> **Extracted records**
============
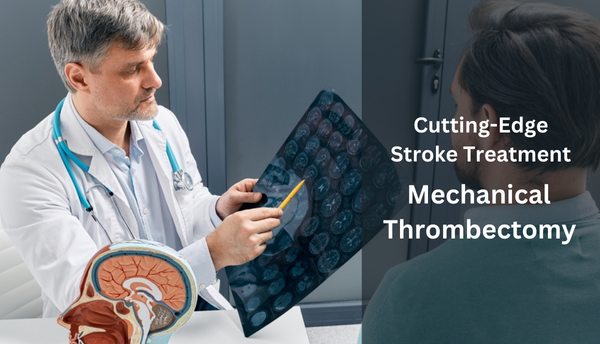 Stroke Treatment with Mechanical Thrombectomy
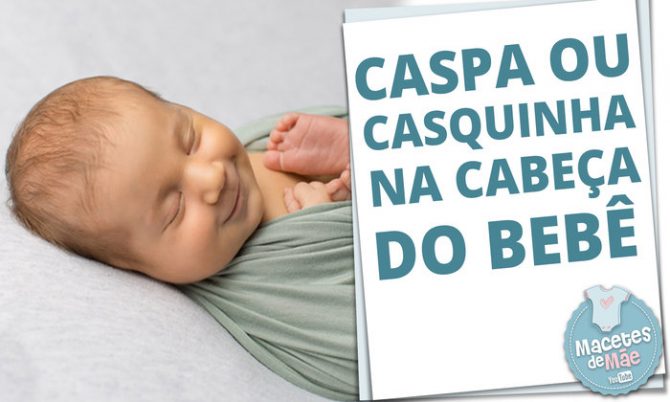 Caspa ou casquinhas na cabeça do bebê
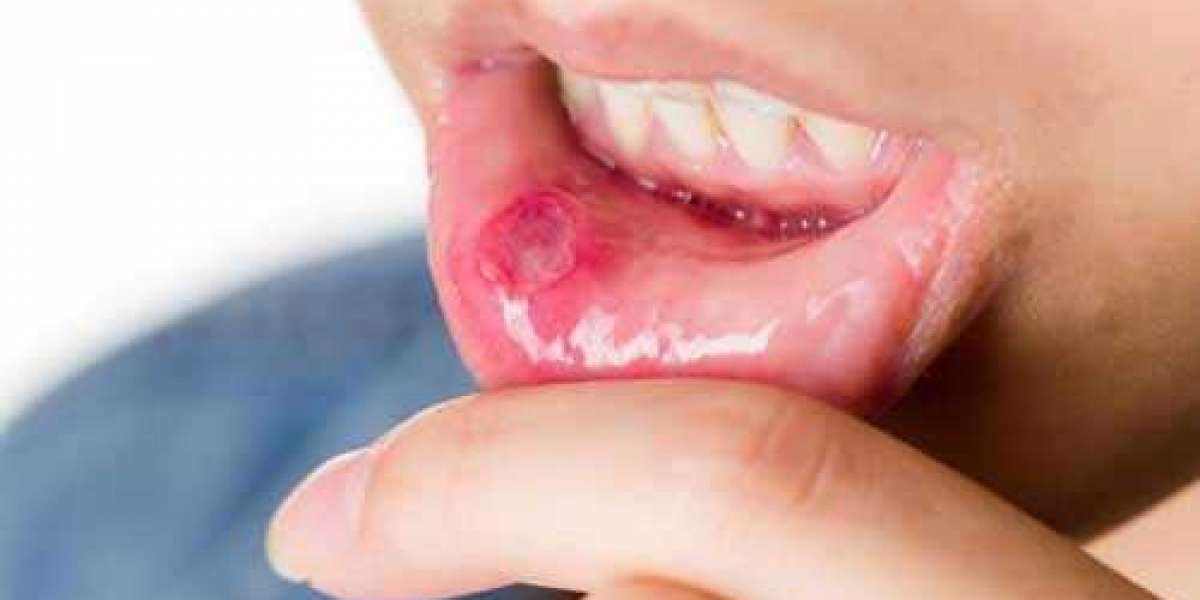 Mouth Ulcer Treatment Market Worth US$ 2.41 billion in 2027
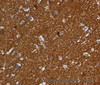 Immunohistochemistry of paraffin-embedded Human brain using SNCG Polyclonal Antibody at dilution of 1:60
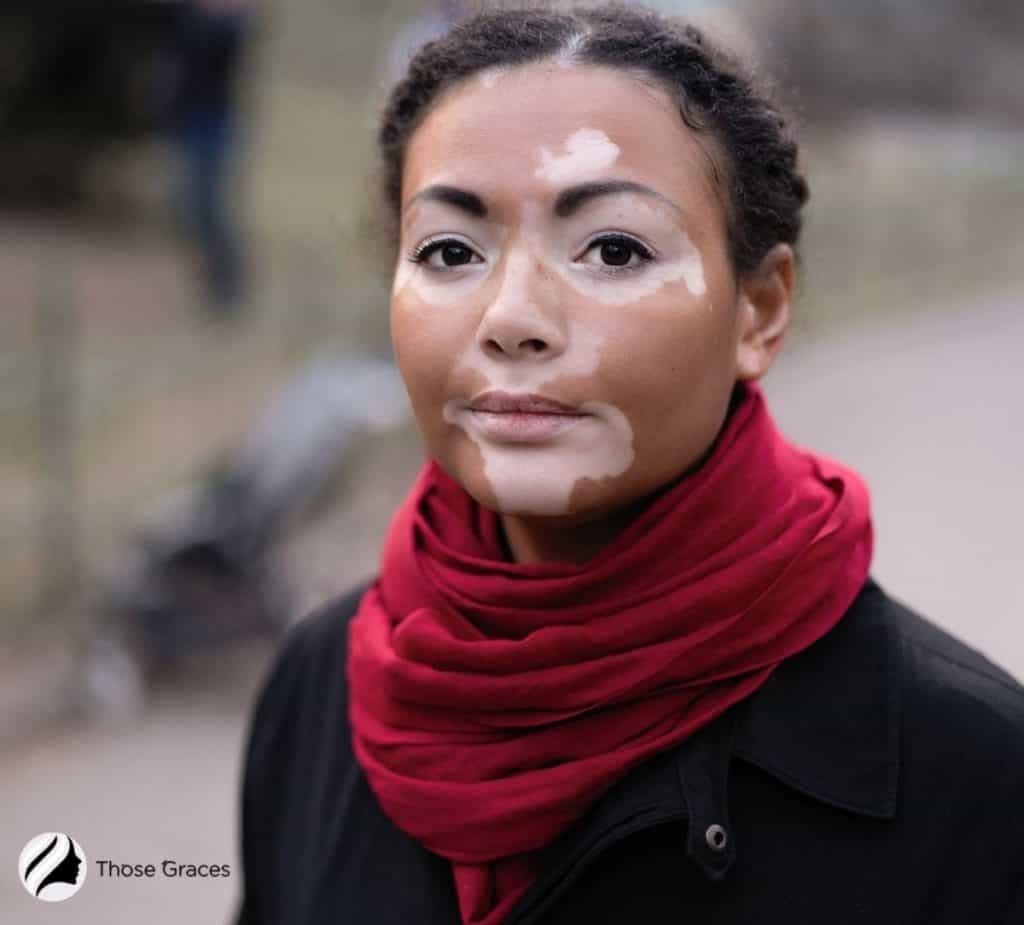 vitiligo pasty skin tone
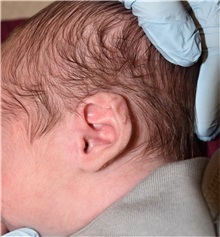 Ear Surgery Before Photo by Rachel Ruotolo, MD; Garden City, NY - Case 37816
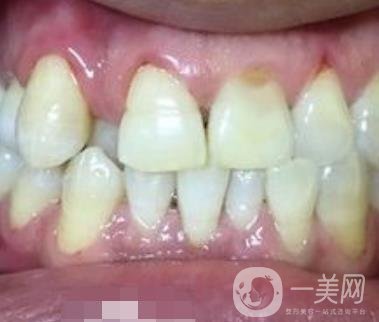 貴州口腔醫(yī)院正畸醫(yī)生信息介紹?內(nèi)含牙齒美容項(xiàng)目?jī)r(jià)格表及案例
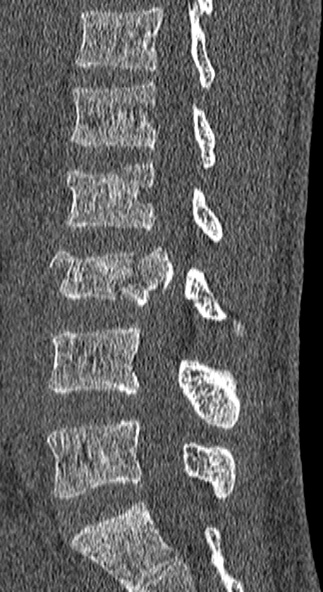 Burst fracture (Radiopaedia 53373-59357 Sagittal bone window 36).jpg
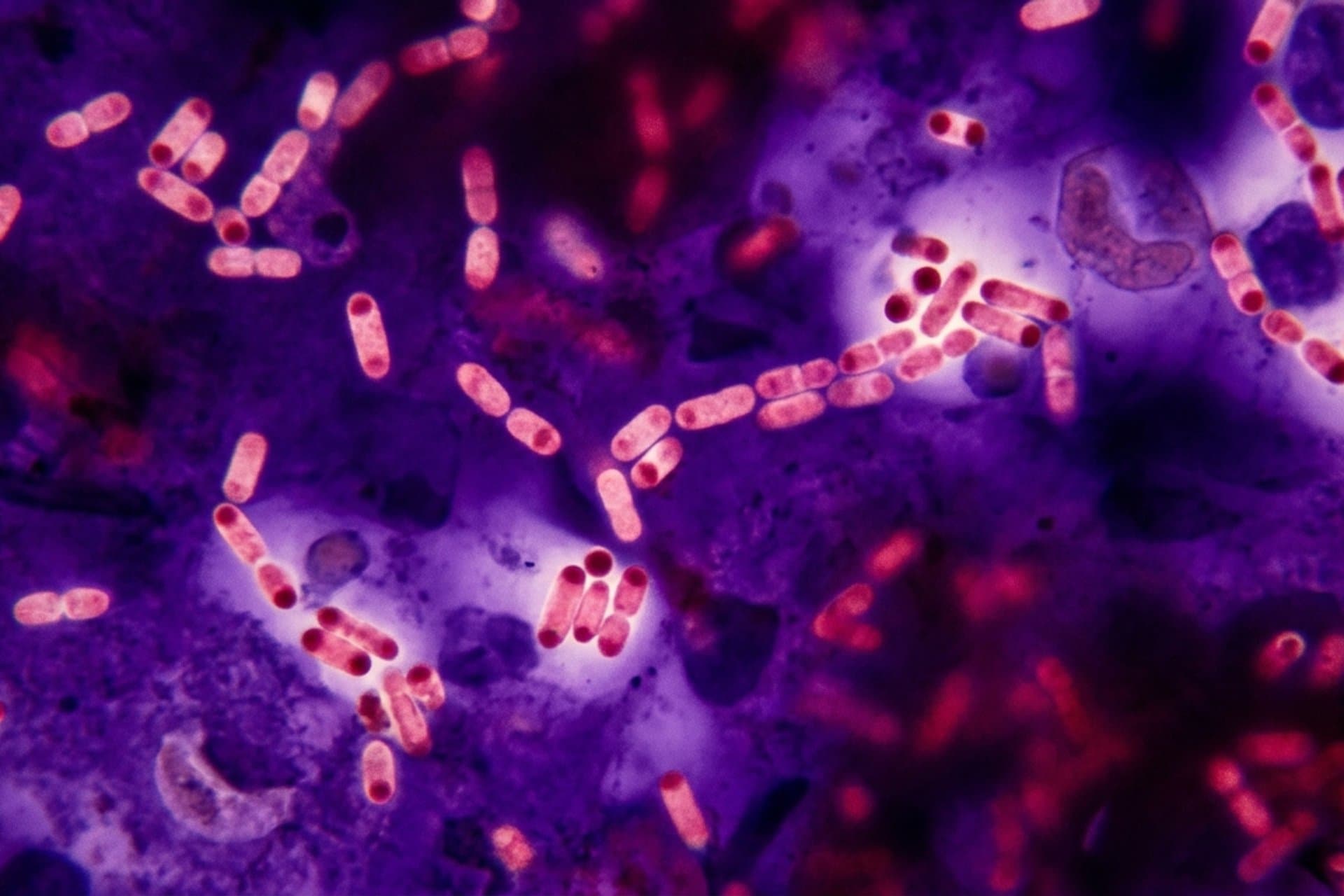 Pestmeningitis — medizin.studio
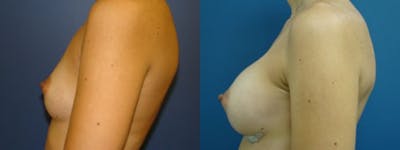 Breast Augmentation Before & After Gallery - Patient 5681443 - Image 1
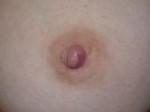 Nipple - Inversion Correction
============
> **Description of the task**
If a line comes after the line with "vitiligo pasty skin tone", it stays out; print exactly every line from the start of the entries up to and including that line, but no pictures.

> **Expected output**
 Stroke Treatment with Mechanical Thrombectomy
 Caspa ou casquinhas na cabeça do bebê
 Mouth Ulcer Treatment Market Worth US$ 2.41 billion in 2027
 Immunohistochemistry of paraffin-embedded Human brain using SNCG Polyclonal Antibody at dilution of 1:60
 vitiligo pasty skin tone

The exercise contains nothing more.